4 thoughts on “Danel Nerad, stop shutting out student input”

  1. Regarding those climate surveys that the district collects each year, it might be nice if that data was shared with the stakeholders. I, and many other parents, would like to know if the climate in our schools is changing (for better or worse), and I think we deserve to know that information.

  2. I laughed out loud when I read this article’s title. As best as I can tell, Dan Nerad just took over the MMSD reigns a scant 3.5 weeks ago. He hasn’t “shut out” student input, at least not yet. Now, you could certainly accuse Art Rainwater of doing this, but Mr. Nerad?
    The idea of sharing the climate survey data isn’t new. I’m pretty sure that the results are contained in each school’s SIP (school improvement plan). SIPs are, however, not done annually. One of the items that the Equity Task Force pushed for was to make the Climate Surveys more thorough and more public (SIPs are a bitch to access because of their volume).
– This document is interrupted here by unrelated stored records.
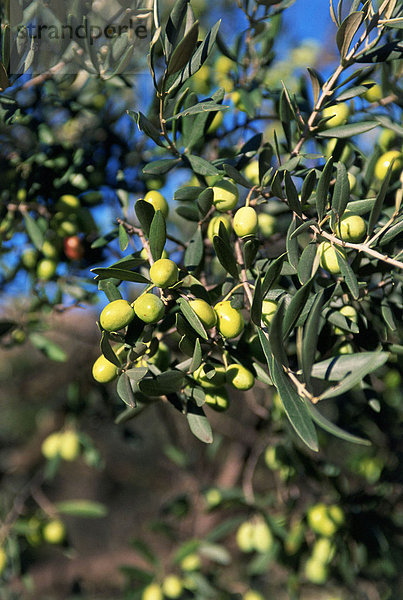 Oliven bei Lex Baux de Provence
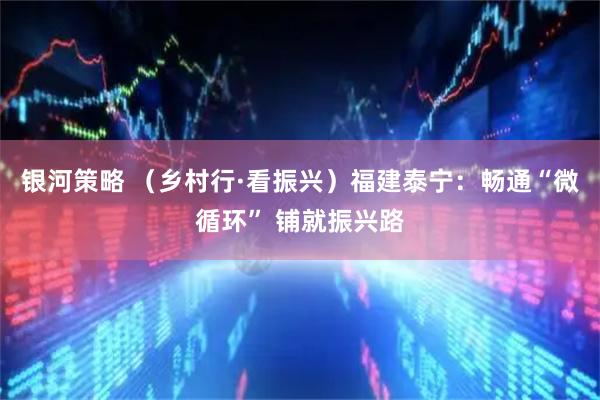 银河策略 （乡村行·看振兴）福建泰宁：畅通“微循环” 铺就振兴路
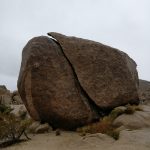Imposante Felsen im Joshua Tree National Park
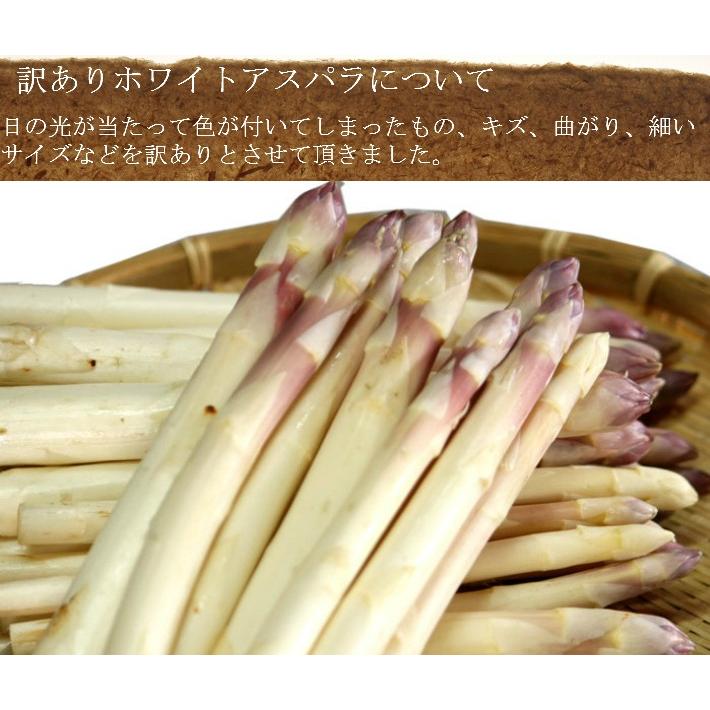 アスパラガス 訳あり　ホワイトアスパラ　北海道富良野産　１ｋｇ詰め　送料無料｜sweetvegetable｜06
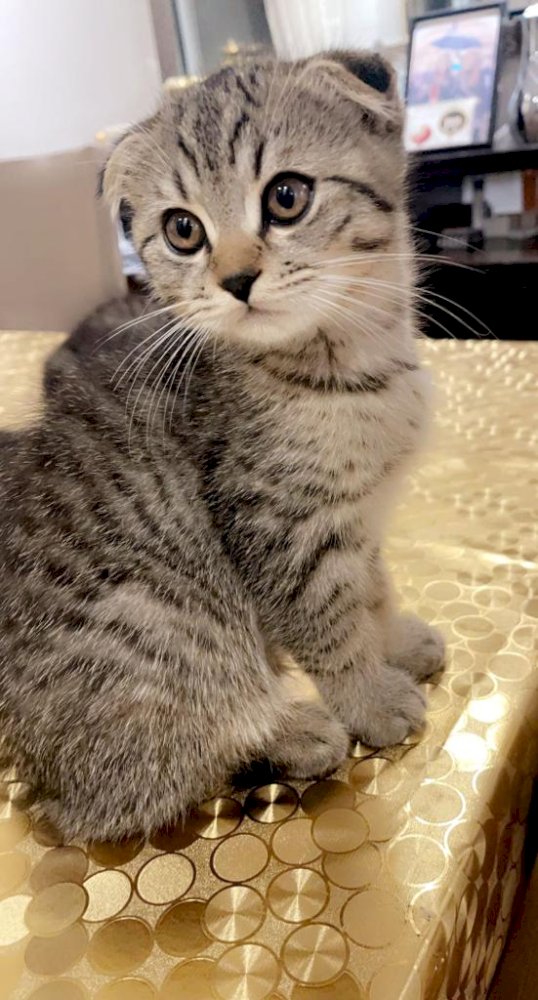 2 Months Old Short Hair Tabby Color Kitten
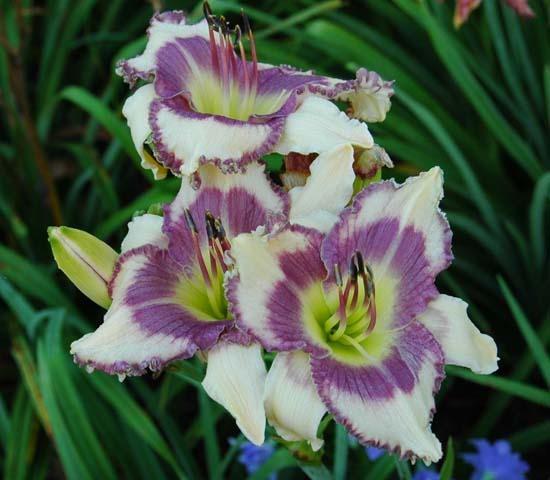 Photo of Daylily (Hemerocallis 'Blueberries and Cream') uploaded by shive1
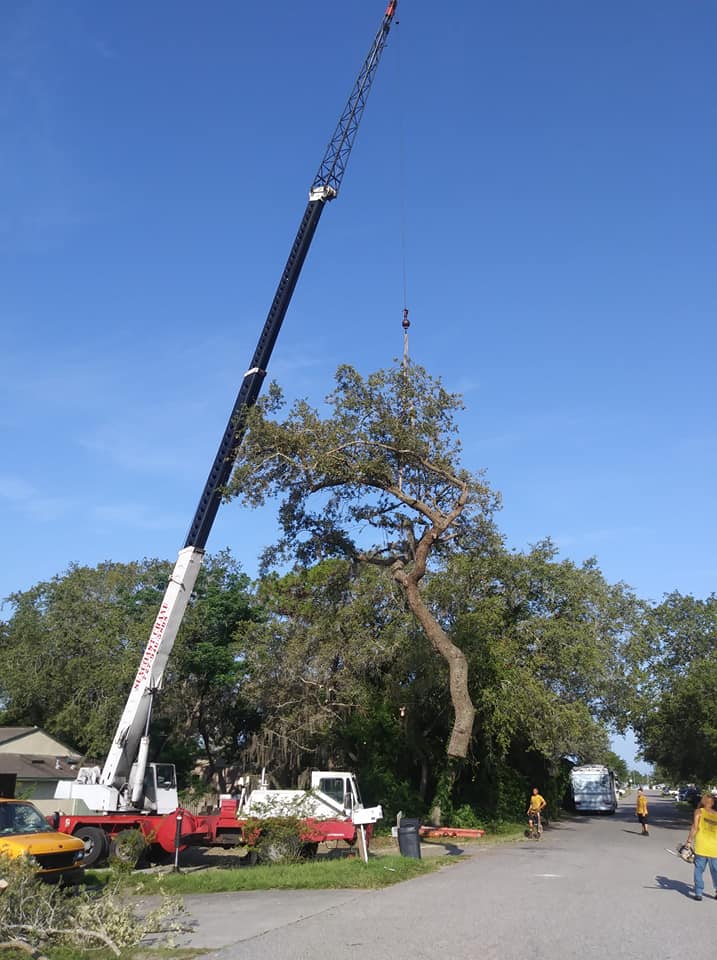big tree removal in Pasco County, FL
But it sure wouldn’t be difficult for an executive summary of each SIP to be made public, and I seem to recall that part of the new Equity Policy called for some type of report to be made available to the Board and public for each school on an annual basis. Of course, these Climate Surveys are only accurate if there is a large percentage of participation in the survey. 100 Climate Surveys don’t mean much at a 2500 student high school.

  3. I have a basic problem with the climate survey. The forms are not really collected in an anonymous way. They are collected by the classroom teacher. Every year at Thoreau Elementary I filled out the form but could not bring myself to send it in to the teacher after giving a negative response to “teacher provides adequate challenge” or “teacher/school creates a safe environment”. I realize the forms don’t call for our names, but it would be pretty easy for the teacher to figure out who wrote it. I thought about taking the form directly to the principal’s office but if I was the only one to do this, that would be a problem too.
    It is the current teacher and principal who decide on which teacher your child will get the following year in elementary school. So why would I want to inflame them?
    There must be a more anonymous way to get that info to where it needs to go.